Inference overview + Review

rc <- read_csv("data/roller_coasters.csv")

In this application exercise, we will be looking at a roller coaster and amusement park database by Duane Marden.1 This database records multiple features of roller coasters. For the purpose of this activity, we will work with a random sample of 157 roller coasters.

Variable Description
age_group

1: Older (Built between 1900-1979)

2: Recent (1980-1999)

3: Newest (2000-current)

coaster Name of the roller coaster
park Name of the park where the roller coaster is located
city City where the roller coaster is located
state State where the roller coaster is located
type Material of track (Steel or Wooden)
year_opened Year when roller coaster opened
top_speed Maximum speed of roller coaster (mph)
max_height Highest point of roller coaster (ft)
drop Length of largest gap between high and low points of roller coaster (ft)
length Length of roller coaster track (ft)
duration Time length of roller coaster ride (sec)
inversions Whether or not roller coaster flips passengers at any point (Yes or No)
num_of_inversions Number of times roller coaster flips passengers

Practice with data manipulation

  • Demo: Create a new variable called opened_recently that has a response of yes if the roller coaster was opened after 1970, and no if the roller coaster was built during or before 1970. Save this new factor variable in the rc data set. Additionally, make type a factor variable.
rc <- rc |>
  mutate(
    opened_recently = if_else(year_opened > 1970, "yes", "no"), 
    opened_recently = as.factor(opened_recently),
    type = as.factor(type)
  ) 

We want to investigate the relationship between how fast a roller coaster goes, and how long a roller coaster lasts. Specifically, we are interested in how well the duration of a roller coaster explains how fast it is.

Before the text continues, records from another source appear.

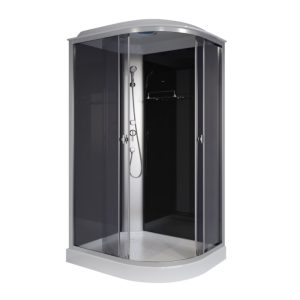 Душевая кабина Niagara Eco 120х80 левая Хром / Тонированное E120/80/13L/TN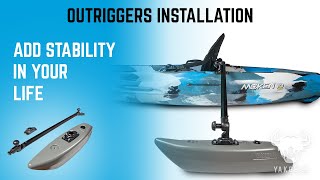 YakGear Outriggers Installation [upl. by Formenti]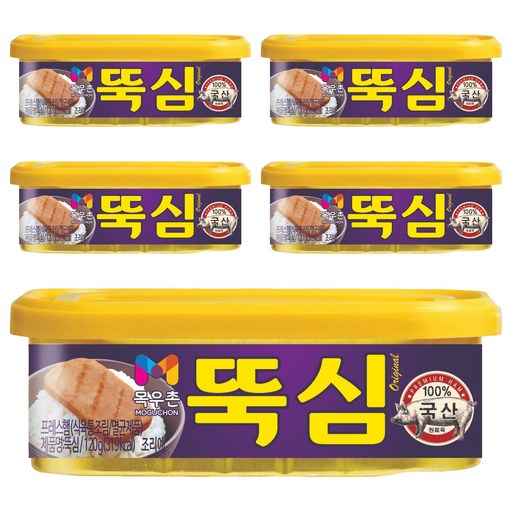 목우촌 뚝심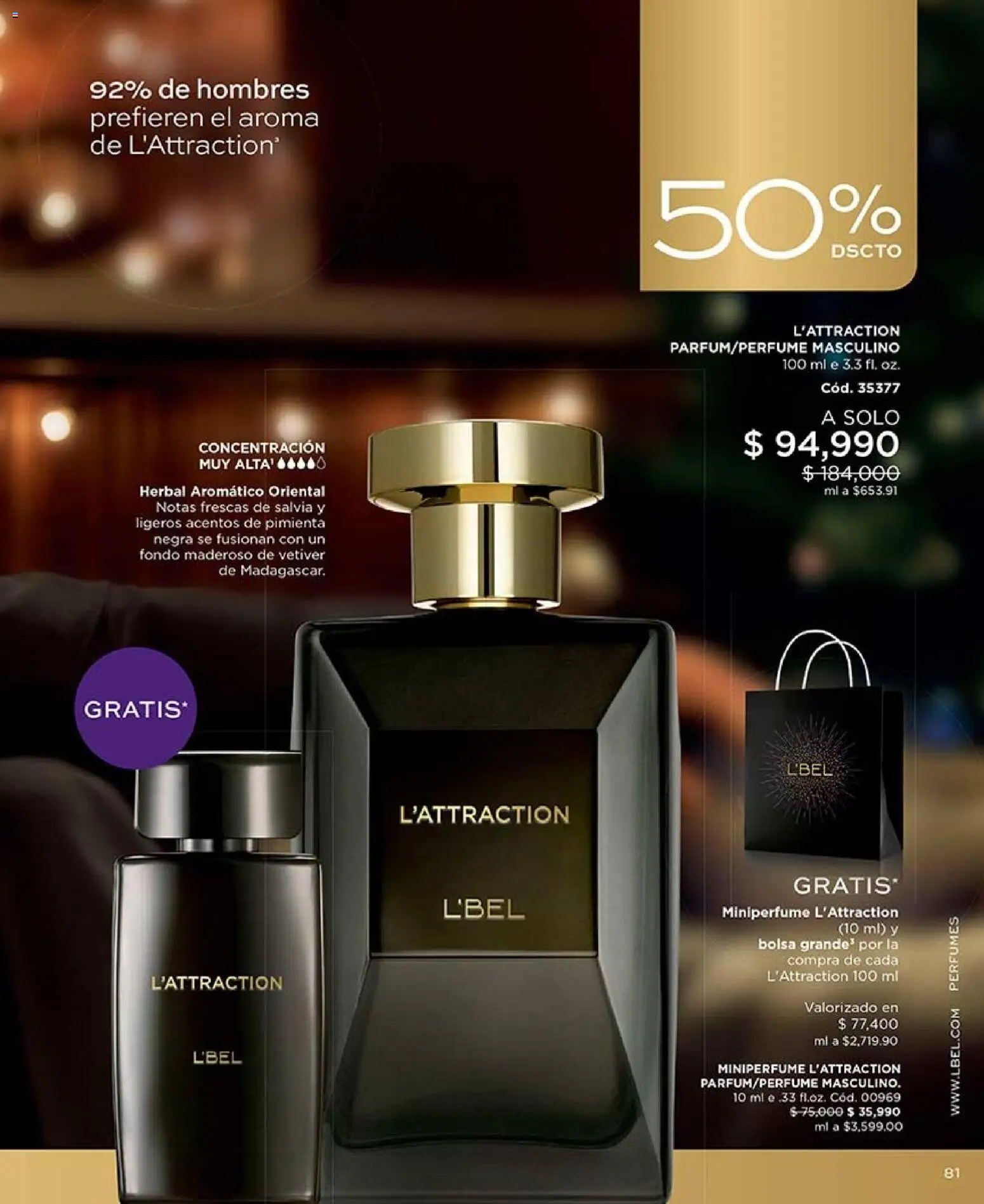 L'Bel revista - valida desde el 28/08/2026 | Página: 81 | Productos: Pimienta, Bolsa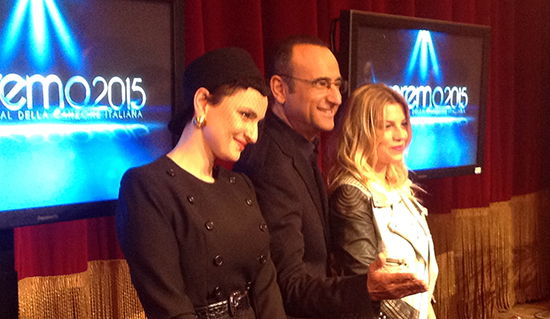 Sanremo News 2015: ecco a quanto ammonta il cachet di Carlo Conti, Emma Marrone e Arisa preview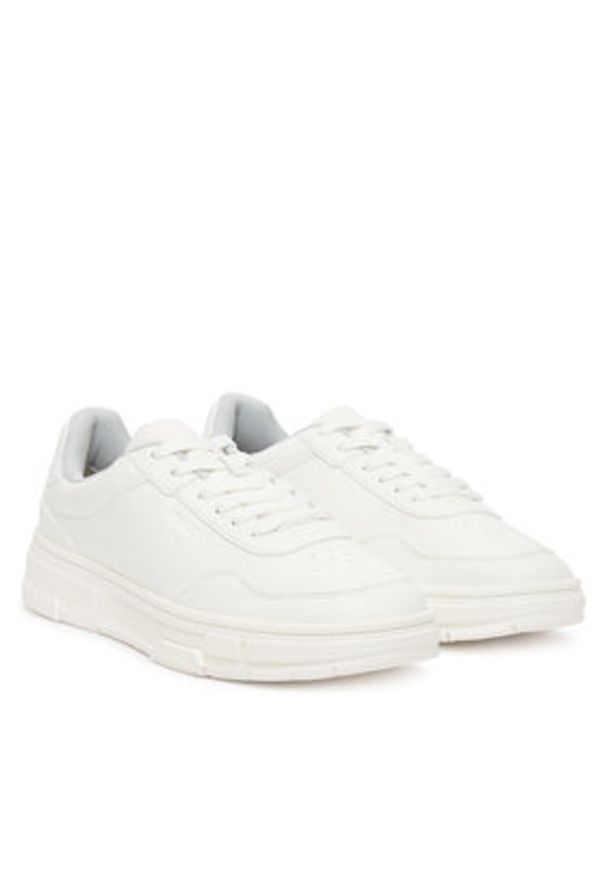 Hugo - HUGO Sneakersy Yarrow 50548507 Biały. Kolor: biały. Materiał: skóra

  • Your turn: Based on this research question, which two variables should we use from our data set? Which is our response?

top_speed; duration

top_speed is our response

  • Your turn: Describe how we can construct a bootstrap distribution for the slope of the model predicting top_speed from duration.

  • Demo: Now, construct this bootstrap distribution.

set.seed(12345)

boot_df_slope <- rc |>
  specify(top_speed ~ duration) |>
  generate(reps = 1000, type = "bootstrap") |>
  calculate(stat = "slope")
Warning: Removed 34 rows containing missing values.
  • Demo: Create a 90% confidence interval by filling in the code below.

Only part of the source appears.